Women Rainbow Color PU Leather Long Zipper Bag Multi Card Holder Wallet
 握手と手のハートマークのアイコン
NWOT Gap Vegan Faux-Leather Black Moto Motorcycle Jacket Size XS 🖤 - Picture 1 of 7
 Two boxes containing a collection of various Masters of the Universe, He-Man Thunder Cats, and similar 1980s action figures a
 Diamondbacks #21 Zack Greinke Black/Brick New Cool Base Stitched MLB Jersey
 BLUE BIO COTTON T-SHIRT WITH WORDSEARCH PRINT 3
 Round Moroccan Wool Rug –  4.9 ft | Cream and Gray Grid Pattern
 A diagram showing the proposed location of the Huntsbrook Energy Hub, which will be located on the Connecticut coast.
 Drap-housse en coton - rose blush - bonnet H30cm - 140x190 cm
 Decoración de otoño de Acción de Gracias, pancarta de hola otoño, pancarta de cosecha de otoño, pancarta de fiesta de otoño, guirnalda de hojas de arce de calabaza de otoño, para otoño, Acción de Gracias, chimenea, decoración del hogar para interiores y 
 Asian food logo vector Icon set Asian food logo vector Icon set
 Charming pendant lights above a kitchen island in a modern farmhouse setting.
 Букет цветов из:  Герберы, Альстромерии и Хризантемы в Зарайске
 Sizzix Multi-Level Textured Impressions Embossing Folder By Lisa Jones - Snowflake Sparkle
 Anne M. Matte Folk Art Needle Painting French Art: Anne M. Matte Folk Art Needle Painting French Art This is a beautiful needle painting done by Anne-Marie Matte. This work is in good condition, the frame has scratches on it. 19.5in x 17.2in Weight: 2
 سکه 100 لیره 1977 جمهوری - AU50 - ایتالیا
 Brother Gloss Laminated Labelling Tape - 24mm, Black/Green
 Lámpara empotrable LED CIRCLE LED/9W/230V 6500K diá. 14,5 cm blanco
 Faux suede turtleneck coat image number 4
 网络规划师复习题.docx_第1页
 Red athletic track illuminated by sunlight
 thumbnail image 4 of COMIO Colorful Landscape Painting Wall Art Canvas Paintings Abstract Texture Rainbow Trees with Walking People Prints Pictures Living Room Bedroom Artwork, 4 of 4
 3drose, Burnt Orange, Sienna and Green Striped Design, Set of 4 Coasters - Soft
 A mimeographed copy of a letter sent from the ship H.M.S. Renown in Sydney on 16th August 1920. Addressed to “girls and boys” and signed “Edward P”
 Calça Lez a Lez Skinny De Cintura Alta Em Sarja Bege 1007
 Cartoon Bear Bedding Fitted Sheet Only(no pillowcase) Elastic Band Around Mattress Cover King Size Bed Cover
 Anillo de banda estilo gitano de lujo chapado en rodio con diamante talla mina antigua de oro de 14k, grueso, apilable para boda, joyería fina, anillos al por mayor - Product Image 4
····················
• EXERCISE AIM:
Given the records above, reproduce precisely and only the lines between the line holding "NWOT Gap Vegan" and the line holding "Drap-housse en coton", inclusive.

• ANSWER AREA:
NWOT Gap Vegan Faux-Leather Black Moto Motorcycle Jacket Size XS 🖤 - Picture 1 of 7
 Two boxes containing a collection of various Masters of the Universe, He-Man Thunder Cats, and similar 1980s action figures a
 Diamondbacks #21 Zack Greinke Black/Brick New Cool Base Stitched MLB Jersey
 BLUE BIO COTTON T-SHIRT WITH WORDSEARCH PRINT 3
 Round Moroccan Wool Rug –  4.9 ft | Cream and Gray Grid Pattern
 A diagram showing the proposed location of the Huntsbrook Energy Hub, which will be located on the Connecticut coast.
 Drap-housse en coton - rose blush - bonnet H30cm - 140x190 cm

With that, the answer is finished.